§ **Dataset content**:
'''

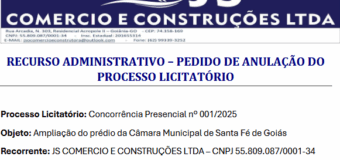 Recurso Administrativo – concorrência presencial 001/2025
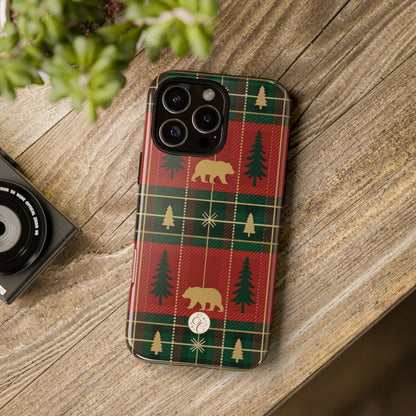 Christmas Bear Plaid Tough Phone Case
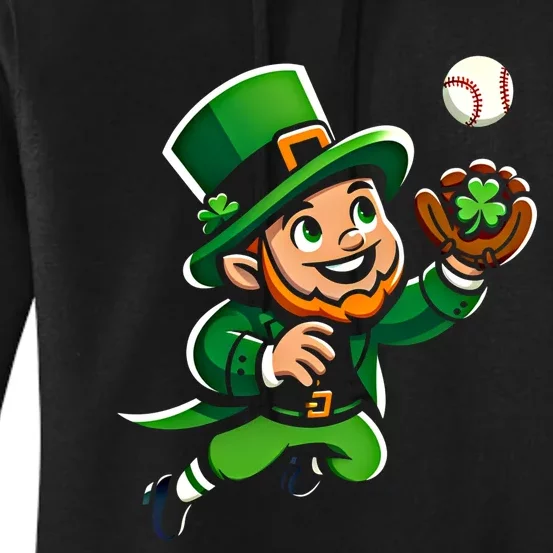 Baseball Leprechauns Catcher Saint PaddyS Shamrock Irish Cool Gift Women's Pullover Hoodie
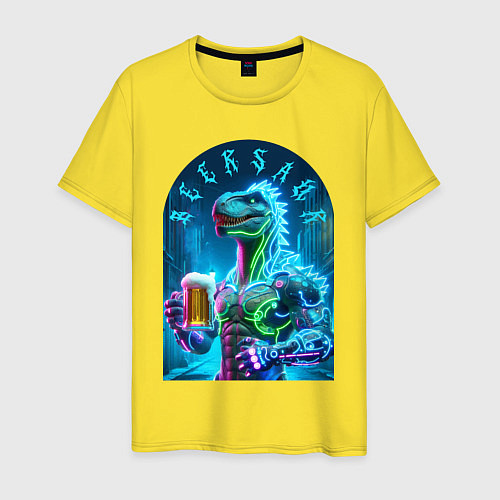 Мужская футболка Neon beersaur - ai art fantasy / Желтый – фото 1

'''

§ **Exercise instructions**:
Give an exact copy of the material, leaving out every picture.

§ **Response to the exercise**:
 Recurso Administrativo – concorrência presencial 001/2025
 Christmas Bear Plaid Tough Phone Case
 Baseball Leprechauns Catcher Saint PaddyS Shamrock Irish Cool Gift Women's Pullover Hoodie
 Мужская футболка Neon beersaur - ai art fantasy / Желтый – фото 1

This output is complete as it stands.